FYI Research:
Student parlays course into documentary

Before enrolling in Todd Taylor's Multimedia Composition class, Erin Sullivan had never worked with video. Sullivan, an English major, was more comfortable with dependent clauses and direct objects than audio synch and MPEG formats. But she enjoyed the class, and the next semester, in Taylor's Advanced Multimedia Composition course, Sullivan turned what she'd learned into her own documentary.

Sullivan interviewed North Carolina artist Bill Bamberger and others involved in Bamberger's project "This House Is Home" to create a 30-minute video -- also titled "This House Is Home" -- which is, in effect, a documentary of a documentary.
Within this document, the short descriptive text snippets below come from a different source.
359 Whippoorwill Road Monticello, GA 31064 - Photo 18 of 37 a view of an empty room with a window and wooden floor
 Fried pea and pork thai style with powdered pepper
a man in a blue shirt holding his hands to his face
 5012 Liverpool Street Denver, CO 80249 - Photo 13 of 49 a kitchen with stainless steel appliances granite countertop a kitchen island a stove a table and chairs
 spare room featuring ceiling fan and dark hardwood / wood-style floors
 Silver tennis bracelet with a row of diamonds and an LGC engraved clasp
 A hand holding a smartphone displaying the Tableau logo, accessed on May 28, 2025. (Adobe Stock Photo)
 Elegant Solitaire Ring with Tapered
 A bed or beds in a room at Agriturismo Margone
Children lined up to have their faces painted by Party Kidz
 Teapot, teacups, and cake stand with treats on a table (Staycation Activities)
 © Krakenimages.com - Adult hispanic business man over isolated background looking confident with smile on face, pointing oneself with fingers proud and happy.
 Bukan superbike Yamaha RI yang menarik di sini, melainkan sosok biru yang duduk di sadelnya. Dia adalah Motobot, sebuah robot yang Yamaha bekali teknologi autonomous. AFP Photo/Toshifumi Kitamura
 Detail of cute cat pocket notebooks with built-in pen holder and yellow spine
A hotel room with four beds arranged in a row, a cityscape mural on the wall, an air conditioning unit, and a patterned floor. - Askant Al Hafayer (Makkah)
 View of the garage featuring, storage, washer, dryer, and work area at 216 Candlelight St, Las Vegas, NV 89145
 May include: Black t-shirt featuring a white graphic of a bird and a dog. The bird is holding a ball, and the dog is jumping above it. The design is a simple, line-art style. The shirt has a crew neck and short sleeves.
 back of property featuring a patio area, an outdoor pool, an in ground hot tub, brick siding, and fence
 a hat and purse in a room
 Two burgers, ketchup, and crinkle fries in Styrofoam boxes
Bamberger built a mobile gallery and took it on the road, with a two-fold intent: He wanted to give underprivileged and overlooked communities the experience of seeing an art exhibit in a professional gallery, and he wanted the gallery to be a working studio, a place where the artist was available to the neighborhood.

Bamberger's first stop was Santa Cruz, which is a low-income, predominantly Hispanic community in the West End of San Antonio, Texas. He set up the gallery and began photographing clients of San Antonio Alternative Housing, which helps low-income families buy houses. Bamberger's photos of these residents soon began to line the walls of the gallery, and people in the community gradually became less wary of him and more interested in what Bamberger and the gallery had to offer. They started bringing in their own photos so that Bamberger could help edit and print them. The gallery became a gathering place for community meetings and parties.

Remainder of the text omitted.